Given that fact, evaluating and improving your organization’s preparedness for a data breach incident would seem prudent. That is why increasingly organizations are carrying out “simulated incident response” scenarios as desktop exercises for testing their incident response plans.
He also looks to data classification as a way to evaluate what data and what risks you incur when moving information to the cloud. “Incomplete or nonexistent data classification is a common problem. If the buyer doesn’t know what the security requirements are for a specific piece of data compared to other data, it’s difficult to assess whether the provider can provide adequate security.”
Given the general risks associated with the newness of cloud systems, something an organization might consider is keeping its most sensitive data, say personally identifiable information (PII) and protected health information (PHI), which have enhanced regulatory requirements and oversight, and the greatest liability profile when breached, within your organization’s environment rather than migrating them to the cloud.
You may argue that cloud providers can do a more thorough job of data security, given that their livelihoods are based on providing computing services in a safe and secure manner.
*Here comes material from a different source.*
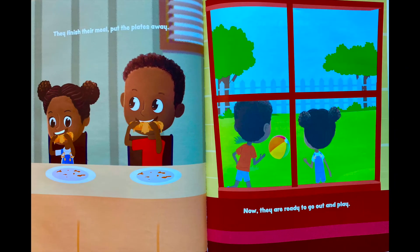They finish their meal, put the plates away. Now they are ready to go out and play.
But unfortunately, the more data that they are entrusted with, the bigger the target on their backs from the perspective of cyber criminals. A recent report from ENISA, The European Network and Information Security Agency, titled “Critical Cloud Computing” discusses the importance of “preventing large cyber-attacks and cyber disruptions.”
They note that while offering significant benefits, the “concentration of IT resources” in cloud services represent a “double edged sword. On one hand, large cloud providers can deploy state of the art security and business continuity measures and spread the associated costs across customers. On the other hand, if an outage or a security breach occurs then the consequences could be big, affecting many citizens, many organizations, at once.”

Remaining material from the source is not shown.